What needs to be done: Extract the stretch of lines that starts at the line with "Alpine Base Hostel" and ends at the last line of the data below. Give it exactly, without pictures.

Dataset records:

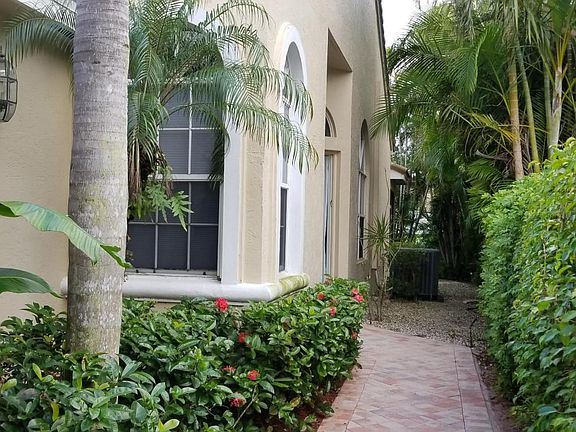 2nd image of 4677 Carlton Golf Dr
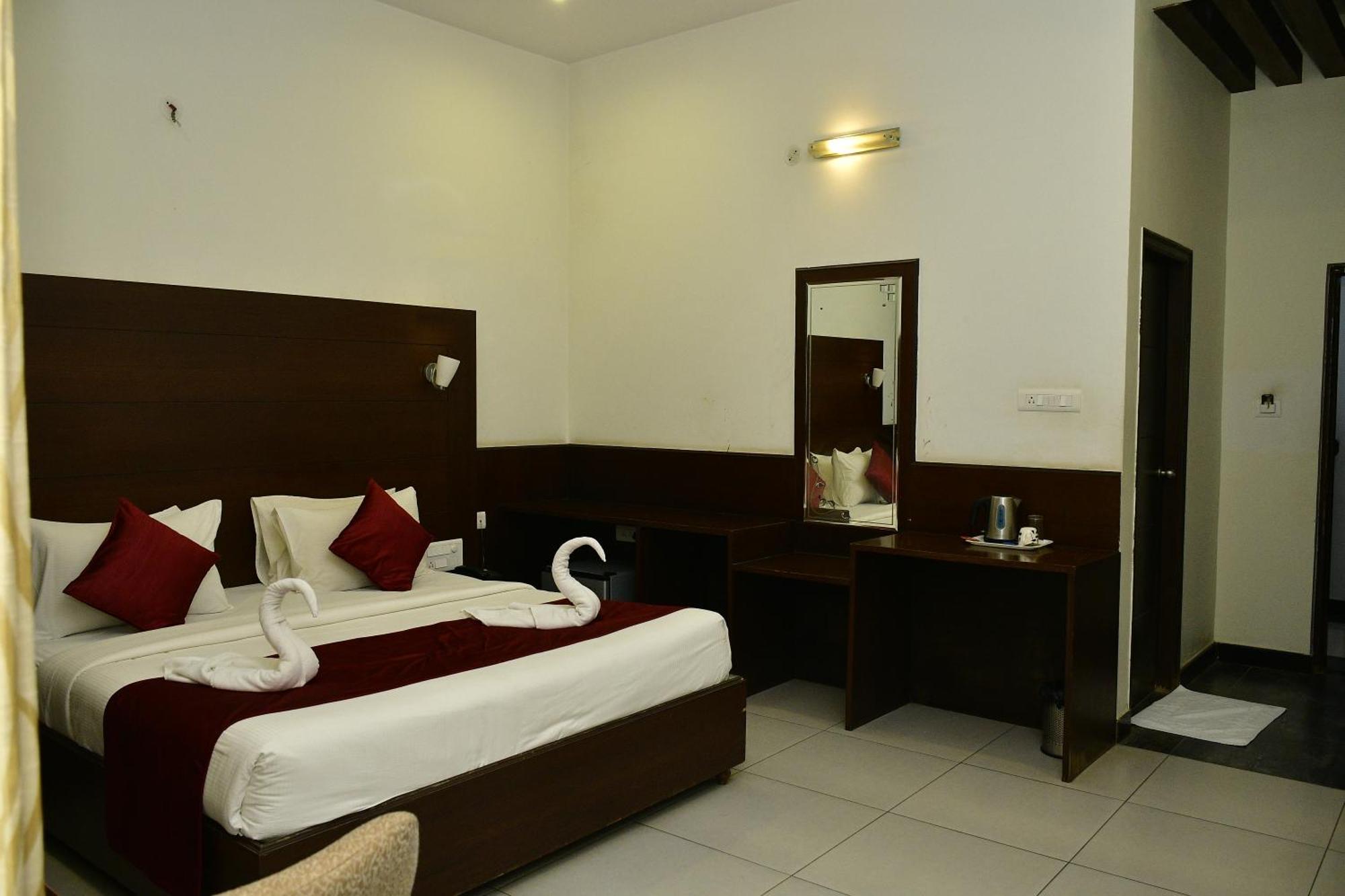 Nijaguna Resorts Chāmrājnagar Eksteriør bilde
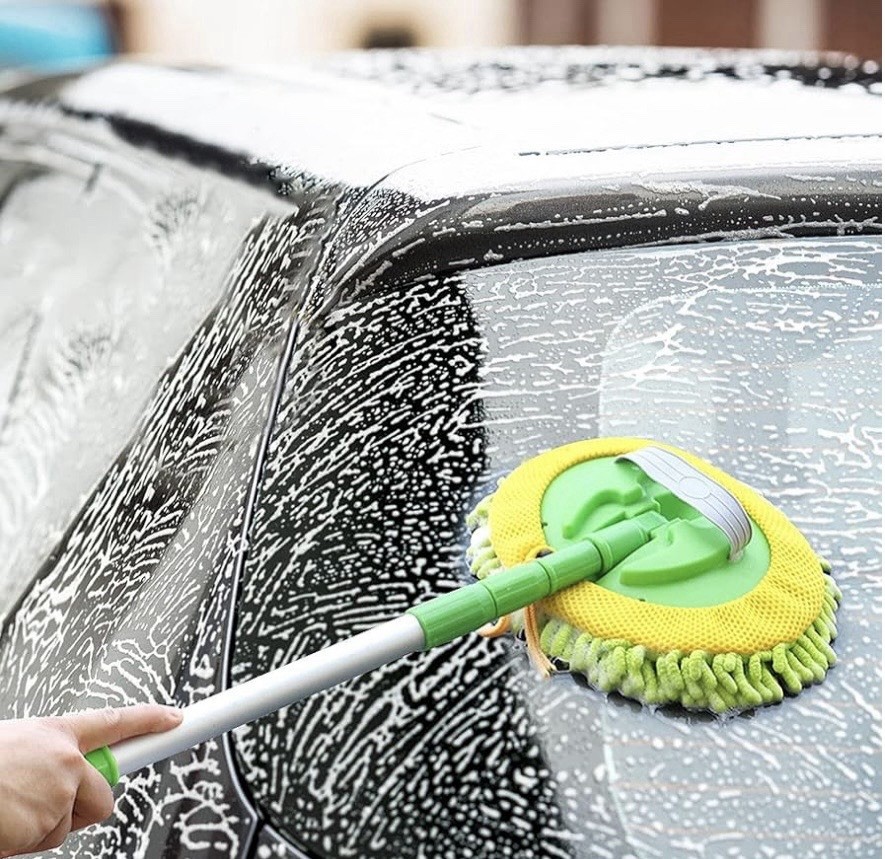 Car Wash Brush & Handle BOGO 2 Expandable Handle 4 Chenille Non-Abrasive Brushes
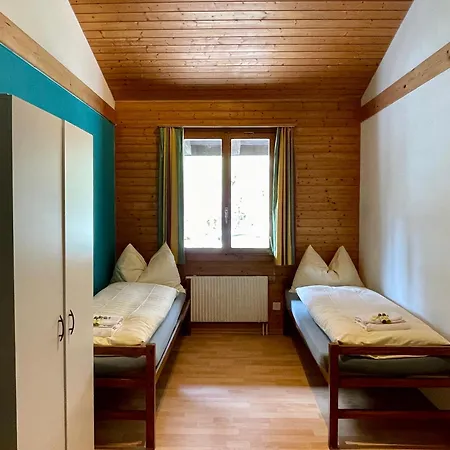Alpine Base Hostel - Adults Only Lauterbrunnen Exterior photo
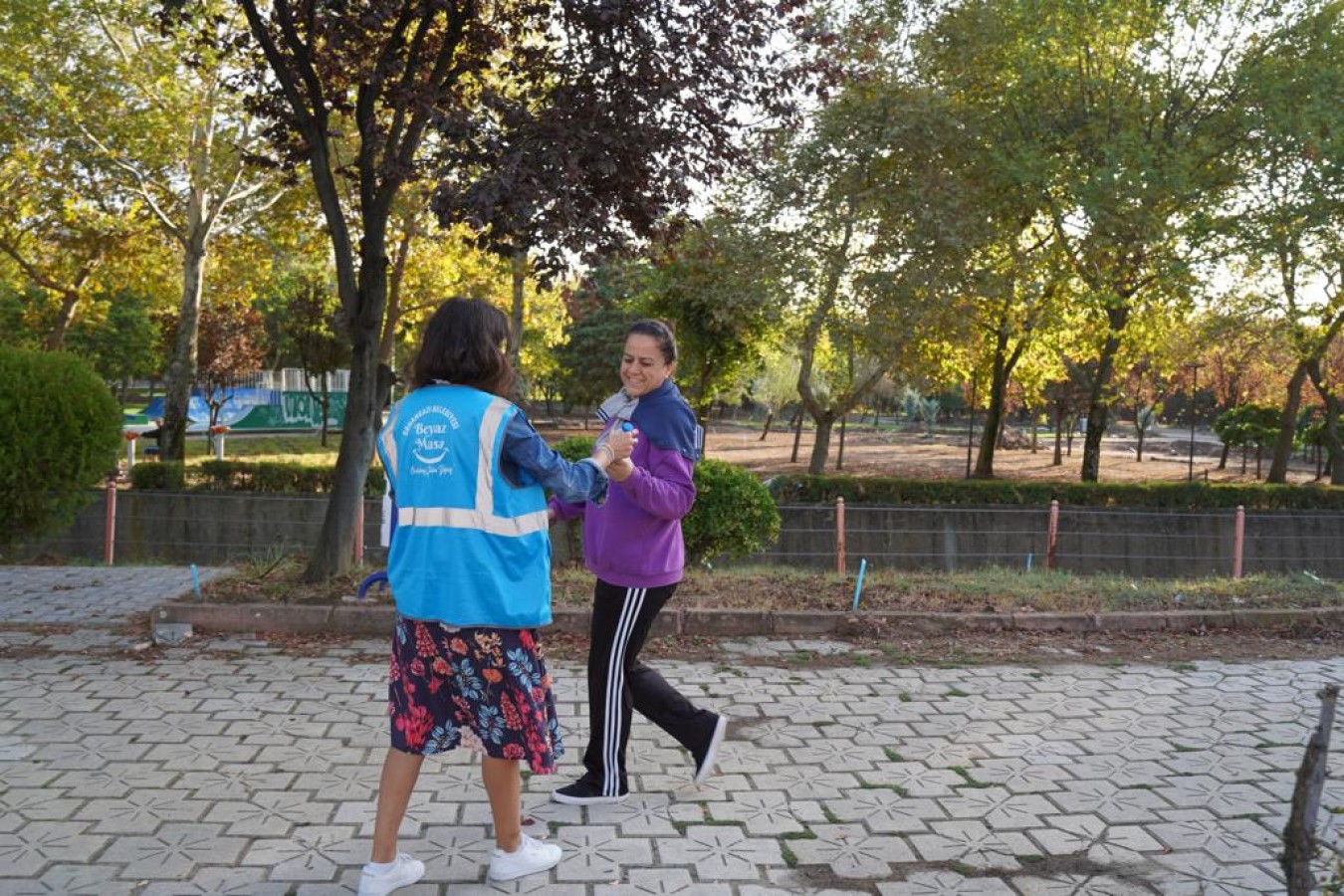 Orhangazi Belediyesi Beyazmasa Ekipleri Dünya Yürüyüş Günü'nde Toplumun Yanında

Exercise answer:
Alpine Base Hostel - Adults Only Lauterbrunnen Exterior photo
 Orhangazi Belediyesi Beyazmasa Ekipleri Dünya Yürüyüş Günü'nde Toplumun Yanında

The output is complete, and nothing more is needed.